INPUT DATA:
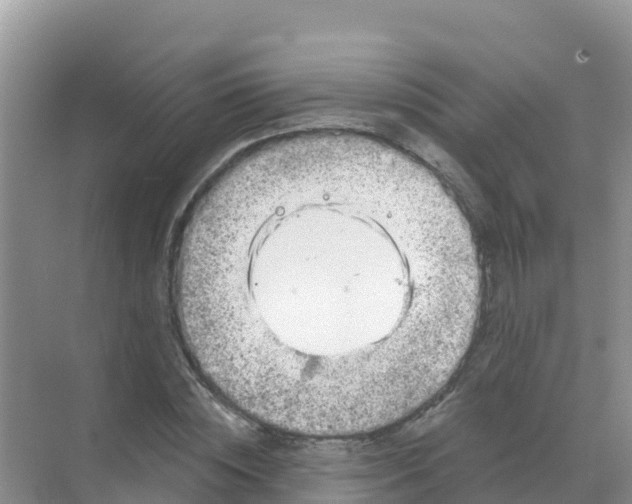 X0000069360828200605261956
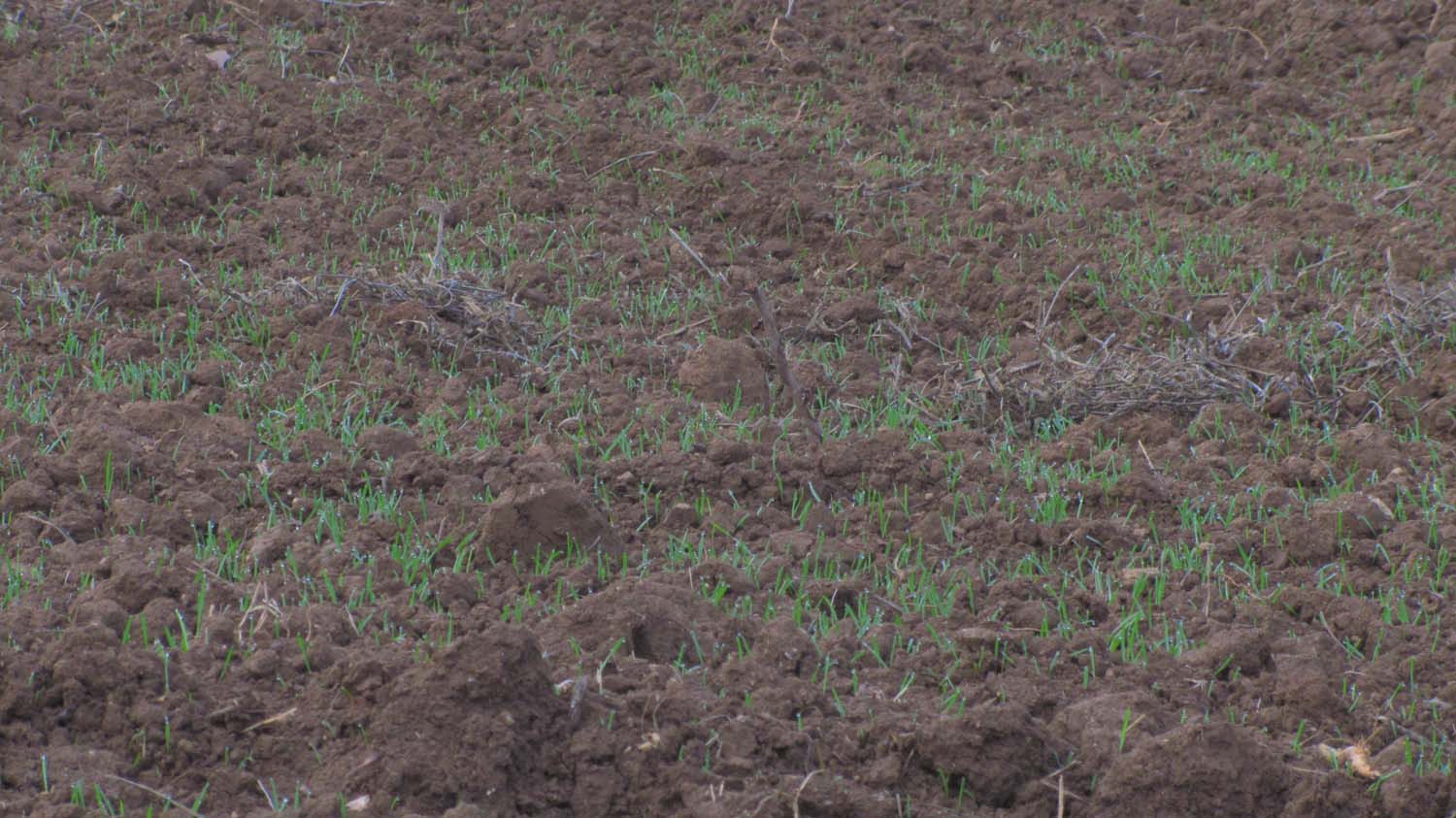 1_1_.JPG (1500×843)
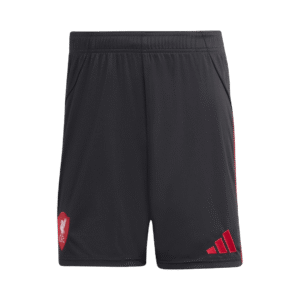 Liverpool Away Jerseys Kit 2025/26
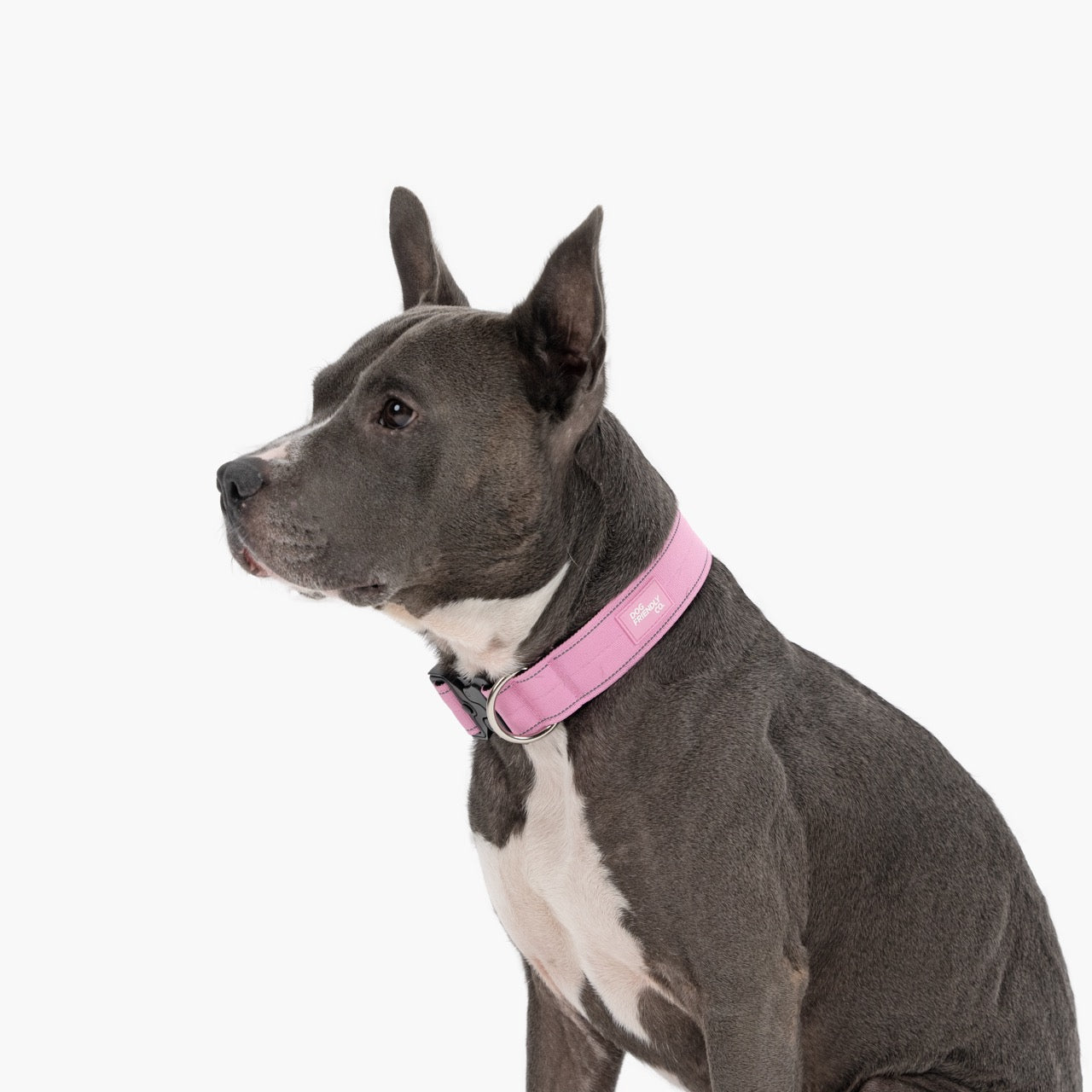 Tactical Dog Collar - Pink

WORK ITEM: With pictures excluded, copy exactly the lines from the line containing "1_1_.JPG (1500×843)" through the last line of the listing above, both ends included.

RESULT OF THE TASK:
 1_1_.JPG (1500×843)
 Liverpool Away Jerseys Kit 2025/26
 Tactical Dog Collar - Pink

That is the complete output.